_WHAT THE TASK ASKS_:
As the answer, give exactly the lines of the records below from the one with "Imagen de Cápsulas" through the one with "AS1237 - Butler", ends included and pictures left out.

*** PROVIDED DATA Section Begins ***

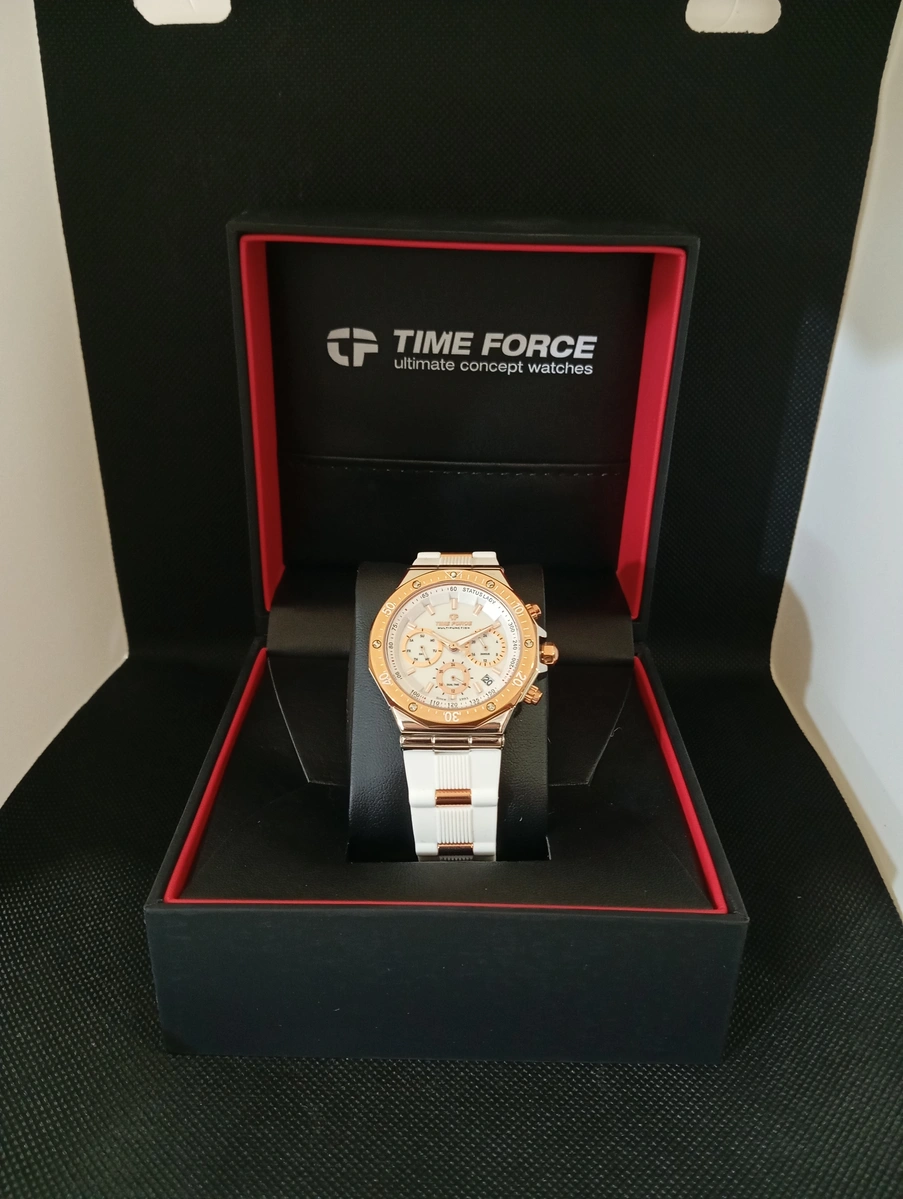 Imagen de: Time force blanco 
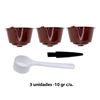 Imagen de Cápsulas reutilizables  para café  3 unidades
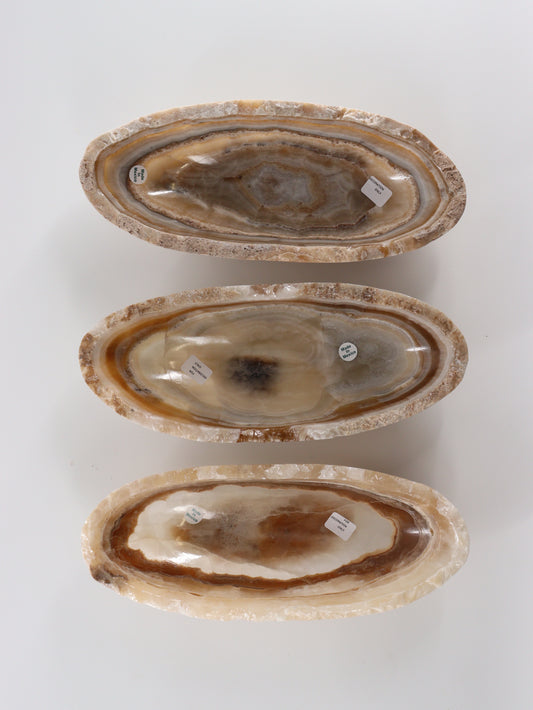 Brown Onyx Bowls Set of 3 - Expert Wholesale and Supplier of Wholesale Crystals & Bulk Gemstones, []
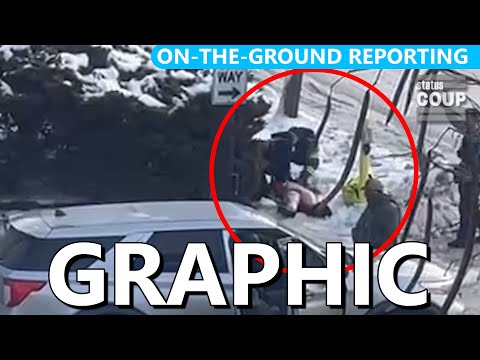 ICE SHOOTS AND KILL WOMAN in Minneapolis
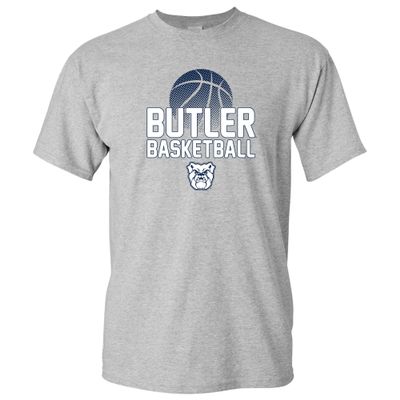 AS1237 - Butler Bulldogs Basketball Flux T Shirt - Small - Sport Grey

*** PROVIDED DATA Section Ends ***
*** PROVIDED DATA Section Begins ***

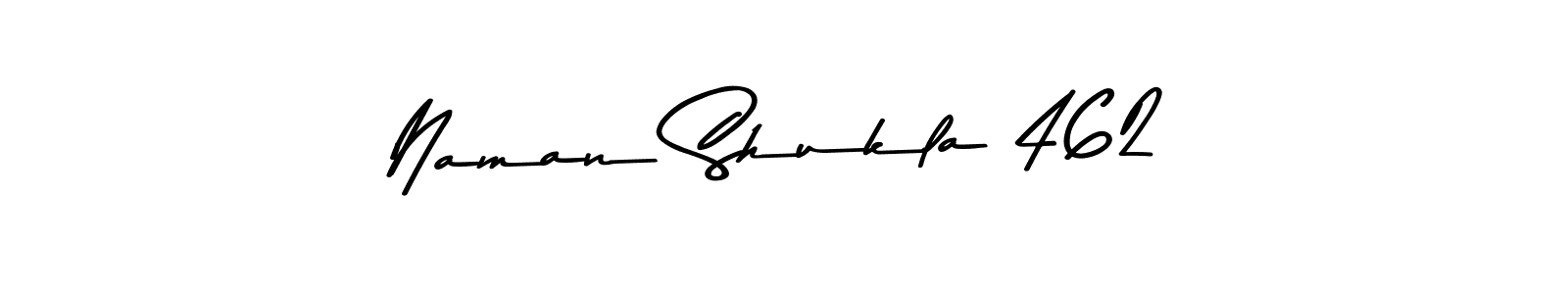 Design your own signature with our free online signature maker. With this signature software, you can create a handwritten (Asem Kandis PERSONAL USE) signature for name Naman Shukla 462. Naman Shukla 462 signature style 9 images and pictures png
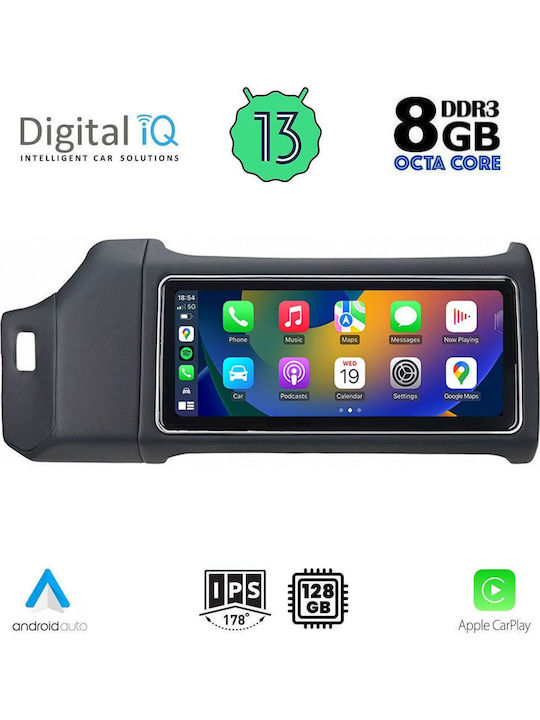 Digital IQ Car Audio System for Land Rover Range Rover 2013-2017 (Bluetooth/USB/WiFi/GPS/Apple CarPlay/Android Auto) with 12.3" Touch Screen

*** PROVIDED DATA Section Ends ***

_ANSWER TO THE PROBLEM_:
 Imagen de Cápsulas reutilizables  para café  3 unidades
 Brown Onyx Bowls Set of 3 - Expert Wholesale and Supplier of Wholesale Crystals & Bulk Gemstones, []
 ICE SHOOTS AND KILL WOMAN in Minneapolis
 AS1237 - Butler Bulldogs Basketball Flux T Shirt - Small - Sport Grey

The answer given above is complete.